Afternoon, 1 July, ’17.

The parade this morning was quite a surprise to me. Apparently it’s Dominion Day — no one knew — and when the Batt’ns of the Brigade had formed a square in a pretty field surrounded with trees, motor cars came up and discharged about all the brass hats in France, including the Commander of the First British Army himself (the Canadians are attached to the First Army). Note that ours of all the Canadians in France, was the Bgd. chosen for him to attend. We even had special “programmes” printed, one of which I enclose as another souvenir. Photographs and moving pictures were taken, and our fastest and latest type aeroplanes made rings round the affair in formation, in case Fritz should happen to take a look over. The band supplied the music. We like our own band; but it doesn’t compare with theirs.

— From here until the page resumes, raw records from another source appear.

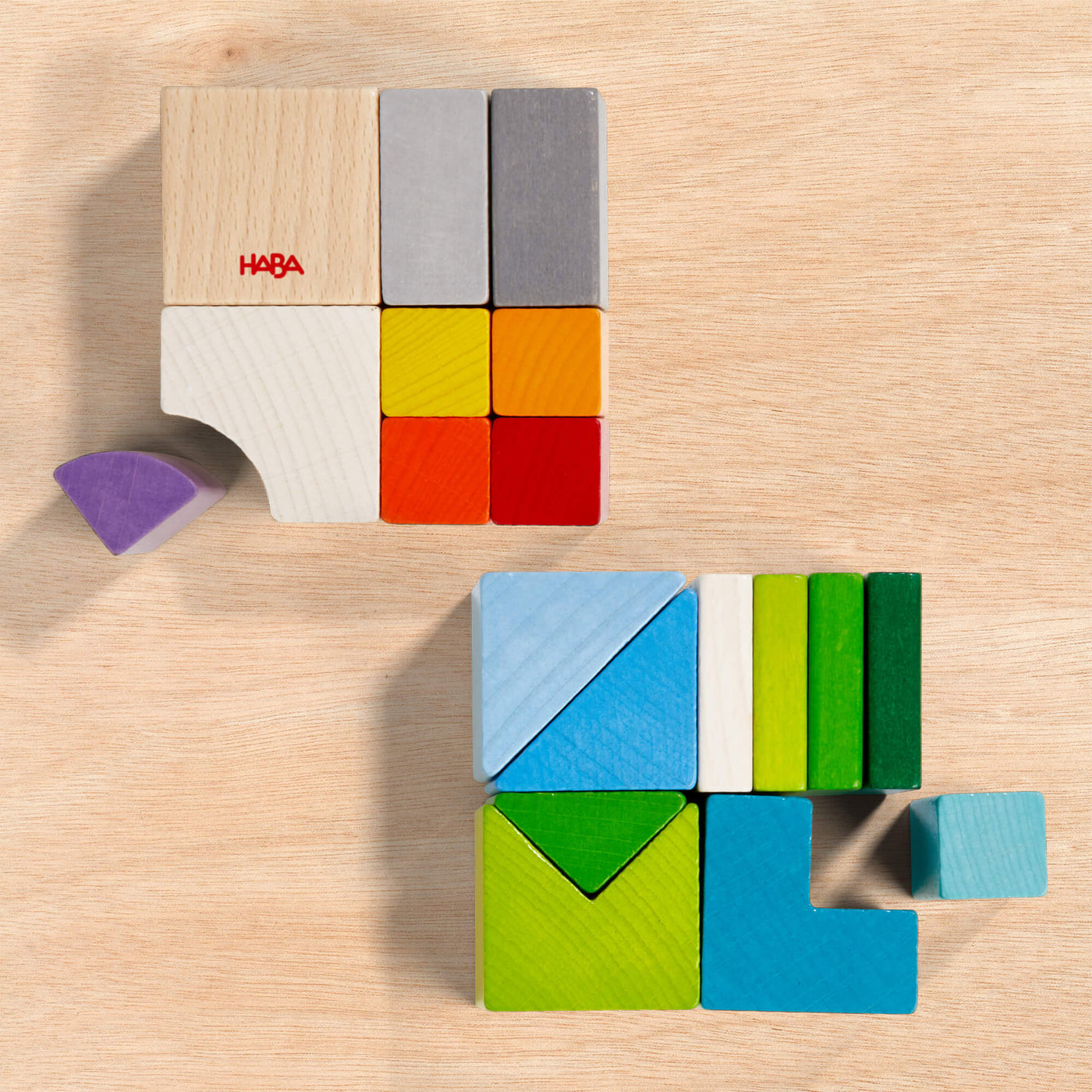 Chromatix colorful wooden blocks arranged into two squares on a light wood surface with varying sizes and shapes.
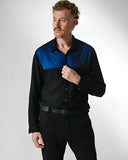 Modelo usando Camisa masculina de botão nas cores preta com recorte azul no peito.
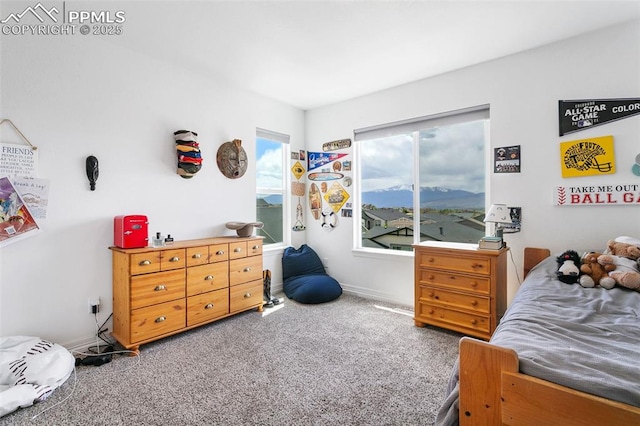 bedroom featuring carpet flooring and baseboards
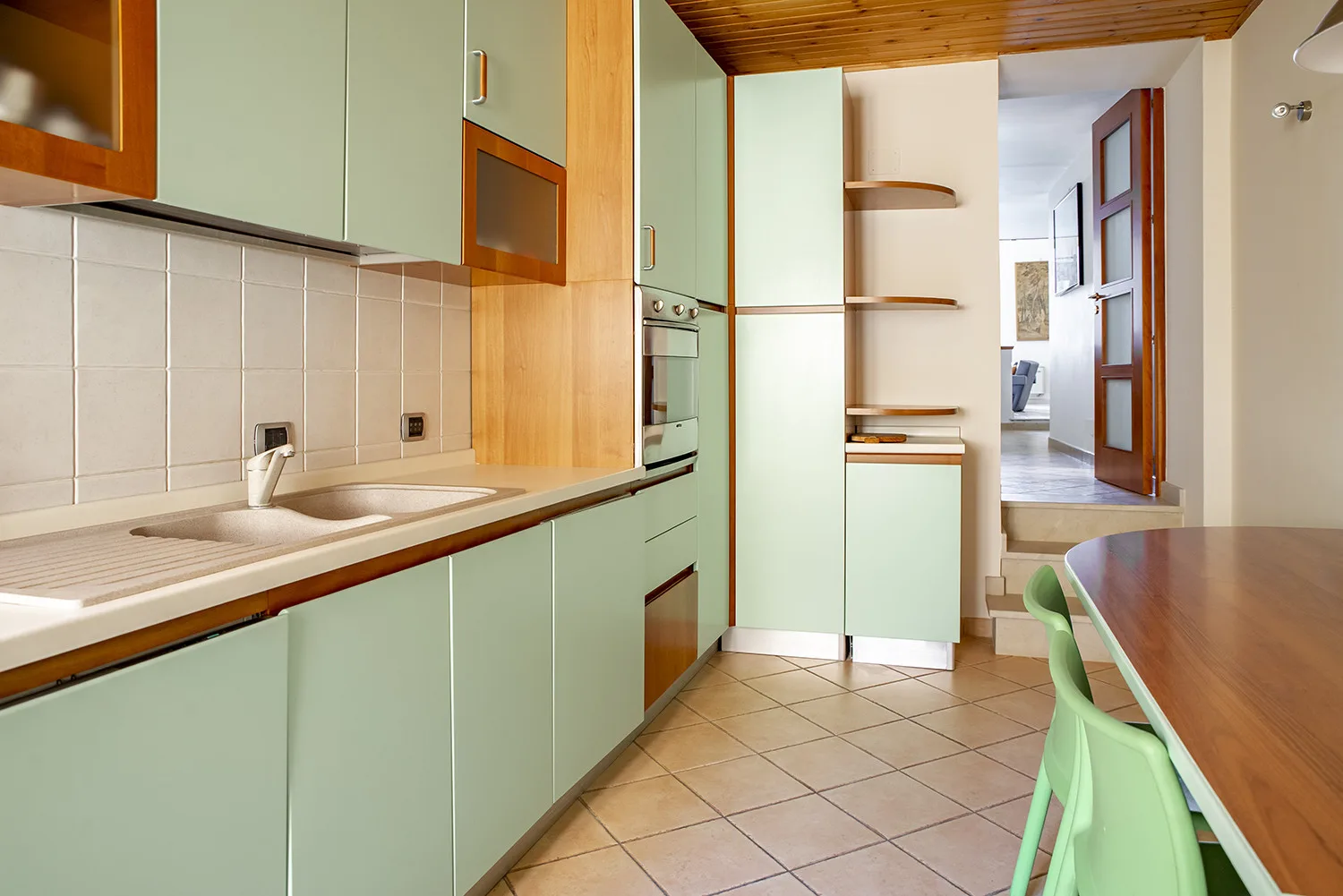 Una cocina con gabinetes verde claro, un fregadero y una mesa de comedor.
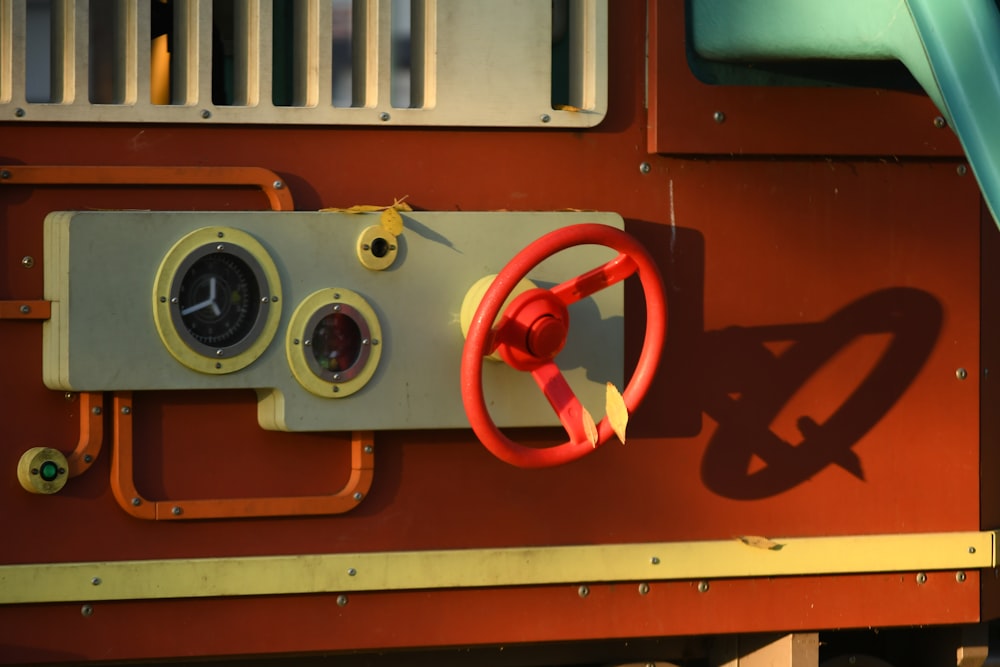 a steering wheel on a red and yellow train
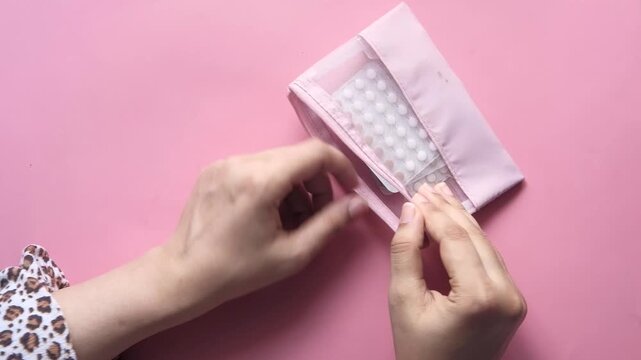 Woman keeping birth control pills in zipper pouch, person holding contraception pills in blister pack, top view of female hands with contraceptive tablets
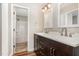 Bathroom featuring double sinks, a large mirror, modern fixtures, and a combined tub and shower unit at 5437 Advantis Dr, Raleigh, NC 27610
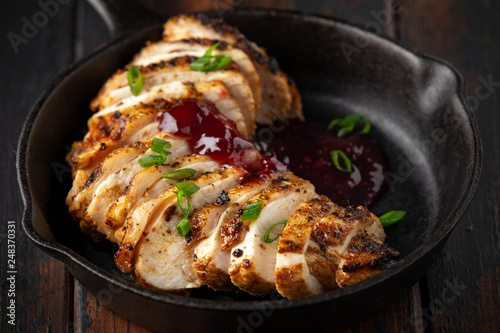 Grilled sliced chicken breast with cranberry sauce in mini cast iron frying pan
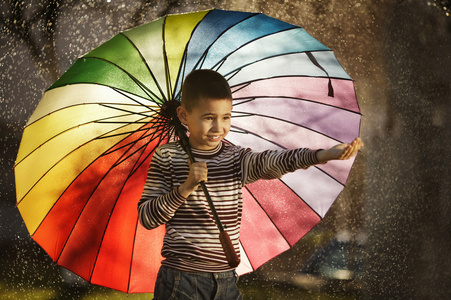 快乐的男孩，在公园里的彩虹伞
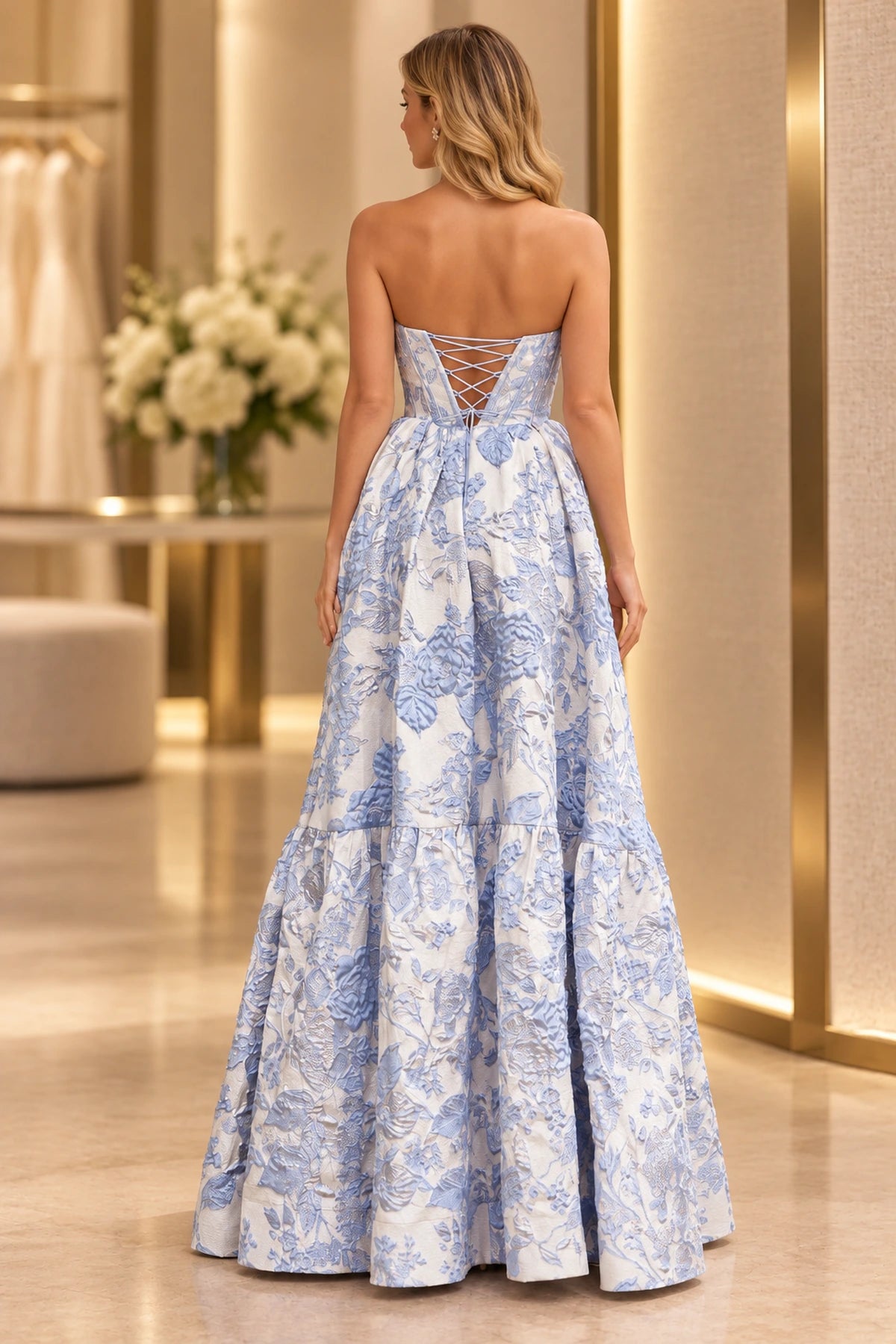 Back view of blue and ivory floral prom dress featuring a lace-up corset back, fitted waist and voluminous floor-length tiered A-line skirt.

It was impressive and interesting. The “Big Gun” made a speech in which he said the Vimy Show and later the (censored) one had plainly shown us that Fritz was getting less inclined to put up a stiff fight when we meant real business — he didn’t tell us when the war was to end.

During the “rest”, the specialty training — bombers, machine gunners, rifles, grenade men, etc. have worked on a competition basis for prizes — and after the parade the Colonel presented the prizes. There were eight prizes for the Batt’n, and notice this — “B” Co. took five of them. . . .

All the games and sports stuff and putting everything on a competition line is good in every way, makes the fellows keen, sets up friendly rivalry, and is interesting for every one. The rest has undoubtedly been a great success. The only kick the fellows have is that there were only two pays of fifteen francs each. I think that rotten myself; they could easily have slipped in one more, or even two.


They have recently got more particular about wearing your identification discs in the proper place, namely round your neck. You have two out here, a red, and a green. One is buried with you, the other — I dunno’ what becomes of it. I’ve always carried mine in my pocket — though I wear a little medal affair on a chain round my wrist. At present, I am using a piece of old string off a parcel for the two round my neck; but if you like to send me a nice piece of silk cord, strong enough not to break, and durable enough not to object to soap and water, yet pretty enough to remind me of things “nice”, I’d be tickled to wear it.

They have this moment come for our one blanket — sure sign of a move. A cold night on hard bricks tonight; better than mud, though.

I have really got hold of a Saturday Post with a yarn by Gardner in it. Reading matter has been terribly scarce here all the time, and to have a Post is to be in real luck — though somehow looking at the ads and things always makes me homesick. . . . It’s all so different, like going on leave; the fact that people have comforts and luxuries, can be free, hits you like the concussion of a shell. I don’t suppose you’ll understand this; but at times, when things are quiet, like just before going to sleep or dozing the day through in a funk hole, my mind automatically flies to you, and times we have had together, and what might be — if. Always — no matter if it occurs a hundred times — I hastily push the thoughts away from me, feverishly think of something else; but it never really goes. It always stays sort of behind in my brain, and worries me and keeps me awake. The fact is, I think of you as little as I can. I dare not give myself the luxury of it; things that I see and do, I immediately arrange to tell you of in the only way I can — like this.